The future is in our hands
By: Ben Gunn - HMP Shepton Mallet
Lifer Ben Gunn announces that he is the newly appointed General Secretary of the Association of Prisoners and challenges all prisoners to play their part in bringing about change
It seems that I have been ‘anointed’; a wizened hand reached down from Hull and passed on the baton that is the General Secretary of the Association of Prisoners - AoP. Perhaps it's because I tweak the management's tail through my comments in Inside Time; or maybe it's because I do love the politics!
Whatever the reason John Hirst, founder of the Association of Prisoners and winner of several important legal challenges, has passed the pen down the line to me. Some of you know me, I have been wandering the landings for 29 years and gracing the pages of Inside Time for so long I'm surprised you aren't sick of me.
What fewer people know is that I began this sentence when I was a youngster, standing in the dock in my school uniform having killed a friend. My tariff was 10 years but due to my bloody-minded refusal to keep my mouth shut I'm still here 29 years later. If there is one thing I just can't stomach it is abuses of power; and as the essence of prison is power, I have found myself at odds with management in most places I've been.
That attitude now sees me at the helm of an Association which has no formal structure and no list of members. In one sense, long may it stay that way; the Prison Service currently forbids us from organising nationally, claiming that we have no shared interests. That is just a reflection of their fear, because all prisoners obviously have shared concerns – we labour under a national set of rules, a national IEP system, a national psychology programme ... to claim otherwise is just plain silly.
One of the legal challenges I intend to make this year in the name of the AoP is against these petty restrictions and to stop the Prison Service saying we are allowed to organise but then throwing up so many barriers as to make it impossible.
However for the moment, we have to work with what we have - no national organisation. For the time being, what I want to do is develop the AoP into a loose collective of individuals who share a similar outlook, spread across the system. These are the people who take the time to help others with the perpetual ‘paper-chase’ that rules our futures; the ones who have the sense to stand up and resist the system’s excesses; the ones who stick their head up above the parapet and say their bit on the landings and in Inside Time.

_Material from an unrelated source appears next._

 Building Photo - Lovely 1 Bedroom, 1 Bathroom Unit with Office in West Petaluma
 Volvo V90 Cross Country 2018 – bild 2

Look around you; there is one of these people on every landing. There are those driven by outrage or despair; there are those driven by anger; and there are those driven by a deep understanding of the crass waste of life that is imprisonment. Some of these people have only their balls and brass-neck to offer. Some have a particular knowledge of psychology, law, prison, parole or the IEP system. All of these people have their effect and, little by little, change does happen. It may be a screw who thinks twice, or a management policy that is altered, but things do change. Now imagine how much more could happen if all of these professional pains in the arse got together and developed new ideas, swapped tactics to help resist the stupidities that comprise our daily life. Imagine if their particular skills were offered to help other cons who are currently being screwed over.
I want the AoP to foster a network of active prisoners who can all subscribe to the same broad agenda and coordinate between each other. As time passes, and the conditions change, then I would like to see a more formal structure being developed, with a list of members who are able to organise and vote for the Association’s officers. Once our legal challenge is won, then each wing, each prison, will be able to organise and elect its representatives, and the AoP leaders will exist only because you chose them.

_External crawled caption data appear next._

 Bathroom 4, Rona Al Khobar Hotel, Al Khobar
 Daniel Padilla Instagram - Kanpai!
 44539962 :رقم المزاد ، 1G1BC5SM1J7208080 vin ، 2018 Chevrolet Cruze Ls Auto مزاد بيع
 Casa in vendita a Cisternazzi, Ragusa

Alongside this informal collective, John Hirst and myself will be reaching out to invite support for various aspects of the AoP’s agenda from prisoner-friendly groups and individuals in high positions and low places. As these links develop, we hope that the loose collective of members will become more focused and formal - but still with the same aims.
As well as challenging the restrictions placed on the Association, I can now reveal that I am the un-named party who took up last month’s front page in Inside Time - I am attempting to force the government to deal with the prisoners’ vote judgment that they have avoided for four years. Along with this, I intend to challenge the fact that we are being used as forced labour for outside companies.
But this isn't 'someone else’s struggle'. It is the struggle of every prisoner on every landing to be treated decently. Each of us can play a part, in a thousand small ways. Each time you request a copy of your OASys and demand the errors be removed; each time you write in the food comments book; each time you challenge a psychologist; each time you refuse to be spoken to like an idiot; each entitlement you demand... in itself, each of these is a small gesture, an infinitesimal ripple; however each in itself also speaks volumes; for each is a sign that as individuals we are autonomous, thinking human beings and not rabble to be dismissed and misused.
Each small step any of us takes is an assertion that we are individuals, not 'bodies', and that what we say matters. Each tiny step builds our confidence and shows us that we can make a difference. And once we have that confidence in our own voice, then we can begin to speak louder and more firmly. The future is in our hands. Welcome to the Association of Prisoners.